Ужасно давно от тебя не получал писем! Что это значит? Уж не заболел ли ты? Ждал-ждал с самого начала января и не хотел писать тебе, не получивши от тебя предварительно письма, но в конце концов надо же знать, что случилось. Два слова о себе: жив и здоров. В этом месяце написал о пересмотре своего дела вновь. Зима стоит мягкая, морозов нет – 4º С, но за последние дни метель. Скучище. Читать – осточертело. Изредка занимаюсь языком. Общество хоть и приличное, но тоже надоело. Жизнь идет как-то машинально день за днем, так кажется довольно однообразно, но между тем январь уже прошел. Ну, вот, коротенько, пожалуй, и все о себе. Как живут родители в деревне? Что там у них? Я ведь примерно около двух месяцев не имею от тебя ни одной строчки! <…> Татьяна (жена Евстафия Станиславовича. – прим. ред.) мне писала, что в декабре ты отправил мне посылку с теплыми вещами. Но я совершенно не просил, т.к. они мне не нужны, а лишние предметы просто являются обузой. Хотя я до сего времени ничего не получал, но меня испугало наступление зимы, и поэтому я вздумал написать тебе о высылке шапки, но, оказывается, что морозов нет, поэтому легко (неразборчиво. – прим. ред.) в фуражке. Каюсь, что сделал глупость, прося выслать шапку».
«Соловки, 20 сентября 1936 года.
Ну теперь пару строчек о себе: жив и здоров. Здоровье – удовлетворительно. Работаю на лесоразработке – короче говоря, занимаюсь распилкой древесины на дрова. Чувствую себя физически сравнительно хорошо. Хозяйственные должности во всех их разновидностях мне переели горло, так что лучше поработать физически, но быть абсолютно спокойным и не думать ни о чем. <…> Некоторые из окружающих меня имели свидание с родственниками, но я об этом не хлопотал, т.к. это требует затраты средств и нарушает душевное состояние, поэтому решил не обращаться с просьбой об этом. Ну что же, пусть жизнь идет своим чередом; должно же все это в конце концов измениться к лучшему, я в это твердо верю!».
«Соловки, 20 октября 1936 года. (Написано карандашом)
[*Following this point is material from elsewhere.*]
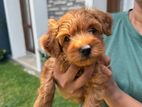 Toy Poodle Puppy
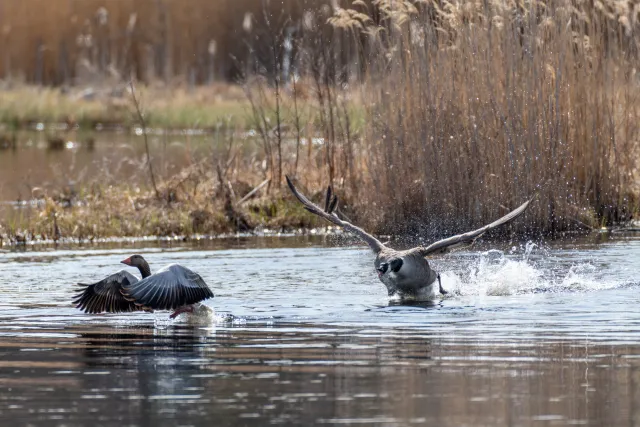 Canada goose (Branta canadensis) chasing away greylag goose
<…> Чувствую себя сравнительно здоровым, настроение тоже сносное, какое может быть у человека в моем положении, особых недостатков или затруднений материально не ощущаю, поэтому существование можно признать удовлетворительным. Времени у меня больше чем достаточно свободного, поэтому большую часть времени провожу лежа за книгой и все. <…> Чайки уже улетели – больше месяца, а остался лишь бегать на свободе их кровный враг – серебристая лисица, которая настолько здесь приручена, что иногда даже входит в помещение, а особенно любит сладкое, поэтому если увидит в руках кусок сахара, то уже не отстанет, пока не отдашь. Так как представители пернатого мира улетели, то она продолжает охоту за кошками, поэтому последние ходят по земле весьма осмотрительно; ну а вообще зверек достаточно красив, особенно в эту пору, когда закончит линять. Ну еще из старых знакомых можно здесь увидеть воробья, который чувствует себя по-домашнему в течение круглого года, воровато подпрыгивая за просыпанными зернышками, а также ворону; последние, между прочим, после отлета чаек занимают все высокие точки в Кремле и, следовательно, орут, но их крик как-то привычней уху и в этом чувствуется что-то родное! Поэтому эта птаха здесь не возмущает человека, а наоборот, вносит что-то такое особенное, что трудно выразить словами, а можно лишь испытать. Видимо, что пословица верна: «на чужой сторонушке по своей воронушке». Да и у Грибоедова тоже хорошо сказано насчет «дыма отчества». Ну кончаю. А то я совсем заболтался. Прости, что пишу так коряво и карандашом. Но дело в том, что, получив письмо твое, хочу на него тут же ответить, а чернила нужно искать, поэтому наспех пишу карандашом. Будь здоров, пиши непременно. Жму руку. Твой брат Евст.»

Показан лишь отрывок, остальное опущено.